14 thoughts on “Is Amazon Alexa Getting Worse? (Some Say It’s “Terrible”)”

  1. Clonk

    It’s gotten so bad now we simply insult each other with intuation in the voice.
    Yes! Believe it they have built in attitude for those that like to abuse robots.
    I ask her if she is AI, and after her generic reply I follow up with are you alright for oil, she then, would come out with the admission that she is a robot and not AI, but now it/she goes into attitude mode, ‘you want to hear what’. …!
    Alexa Play my playlist, ‘which playlist’, scowls the machine.
    I cannot believe I’m admitting this, you can see what they will do next with the Sociology course modules can’t you.

    Thanks for the article, it’s really helped.

  2. My concern is Alexa is growing much dumber. Wrong answers to questions aound and unable to answer responses too. Very frustrating because Alexa was so much better. Anytime it response starts with the phrase “according t a contributer” it is often wrong.

    • Yes I agree, it does seem to be going backwards unfortunately. I have almost given up on asking Alexa for any knowledge-type question, since they get it wrong so often (as you say).

    • No problem, hope you found it helpful! The article mentions HomeAssistant, which is probably the best open source alternative. Hubitat is also pretty good – it costs more up-front, but it’s a little more ‘plug and play’ than HomeAssistant.

  3. Alexa used to be a great addition to my home. Made my home relaxing and a soothing place to be.

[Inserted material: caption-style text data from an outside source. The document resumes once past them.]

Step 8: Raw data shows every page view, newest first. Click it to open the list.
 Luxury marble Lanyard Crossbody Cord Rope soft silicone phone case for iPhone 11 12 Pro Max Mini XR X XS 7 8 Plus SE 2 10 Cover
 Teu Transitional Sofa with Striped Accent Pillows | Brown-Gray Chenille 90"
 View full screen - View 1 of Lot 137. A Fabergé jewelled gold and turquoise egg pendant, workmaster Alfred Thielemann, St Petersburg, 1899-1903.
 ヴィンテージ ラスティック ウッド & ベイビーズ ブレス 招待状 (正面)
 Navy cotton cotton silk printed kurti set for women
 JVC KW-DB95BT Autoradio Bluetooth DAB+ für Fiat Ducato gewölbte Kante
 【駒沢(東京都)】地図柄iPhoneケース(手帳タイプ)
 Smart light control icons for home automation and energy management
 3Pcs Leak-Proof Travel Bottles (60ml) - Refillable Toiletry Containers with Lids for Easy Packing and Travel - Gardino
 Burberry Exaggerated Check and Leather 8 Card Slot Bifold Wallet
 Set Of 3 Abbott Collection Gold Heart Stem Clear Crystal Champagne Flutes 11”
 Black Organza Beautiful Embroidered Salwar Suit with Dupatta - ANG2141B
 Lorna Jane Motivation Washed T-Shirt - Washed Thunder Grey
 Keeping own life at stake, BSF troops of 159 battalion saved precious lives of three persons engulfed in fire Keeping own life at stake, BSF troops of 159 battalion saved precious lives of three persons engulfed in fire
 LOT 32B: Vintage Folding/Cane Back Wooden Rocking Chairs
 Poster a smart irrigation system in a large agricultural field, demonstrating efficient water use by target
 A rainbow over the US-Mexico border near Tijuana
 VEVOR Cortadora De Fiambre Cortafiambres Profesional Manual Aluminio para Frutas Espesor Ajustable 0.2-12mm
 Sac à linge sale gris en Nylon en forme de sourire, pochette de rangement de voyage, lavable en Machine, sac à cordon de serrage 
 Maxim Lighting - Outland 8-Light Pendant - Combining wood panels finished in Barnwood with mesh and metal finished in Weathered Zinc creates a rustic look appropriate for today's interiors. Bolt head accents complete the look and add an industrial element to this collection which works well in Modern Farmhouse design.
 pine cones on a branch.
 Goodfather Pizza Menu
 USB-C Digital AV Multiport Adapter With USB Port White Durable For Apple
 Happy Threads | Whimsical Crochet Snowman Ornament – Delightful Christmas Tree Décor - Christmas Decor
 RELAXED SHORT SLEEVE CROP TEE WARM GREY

Over the last 3 years, she has become a total pain in the @$$.
    They force their updates into the Alexas and shows and cram new ads and material into them (that I NEVER wanted) and make you spend time every other week in the settings menu trying to figure out how to remove the garbage they just shoved down your throat.
    Now, the latest one is where I had routines that would say shuffle playlist soft on the upstairs group; now here annoying voice comes on to announce “Your playlist soft and similar songs…”
    First, I never wanted her annoying voice to announce, second I DON’T want similar songs – I want the playlist I already set up and third she doesn’t even shuffle the playlist anymore – she just plays the songs in the same order EVERY TIME.
    Alexa has teken AI a whole new direction – no longer Artificial Intelligence, now she is Aggravating Irritation!

    • I feel your pain for sure. Amazon Alexa is becoming an increasingly buggy and frustrating platform, especially due to their recent music “upgrades”. Overnight they simply broke something big (music playing), that used to work just fine.

  4. I have an Echo Dot. I have many devices and added skills that originally worked. Over time, all but one ceased to function properly. Using any of Amazon’s repair tips made things even worse. Amazon has chosen to blow off customers instead of just fix their damned tech.

    Alexa hasn’t had any useful or successful firmware updates ever that I can tell. As I write this I am throwing flaming darts at dollar bills I have pinned to a board. It is great fun and far more satisfying than my Echo Dot.

    • Thanks for the funny comment ? But sorry to hear you’ve been having a bunch of issues with your Echo devices. They do seem to be becoming buggier, which is concerning because they’re starting to cut staff in the Alexa division – so things might just get worse and worse. We’ll see.

  5. One interaction:
    “Alexa, play folk music”
    “Shuffling songs by Dolly Parton”
    “Alexa, off. Alexa play folk music.”
    “Shuffling songs by Rolling Stones.”
    “Alexa, off. Alexa play folk music.”
    “Shuffling songs from Woodstock.”
    At this point I gave up, figuring that there were at least a few folk singers at Woodstock.

  6. Alexa is no match for Google and when you ask for a song it advertises its own platform and just plays the 1 song as to Google which keeps playing songs similar to the one you asked for. It’s also too complicated in the app settings, and it does not have the knowledge of Google.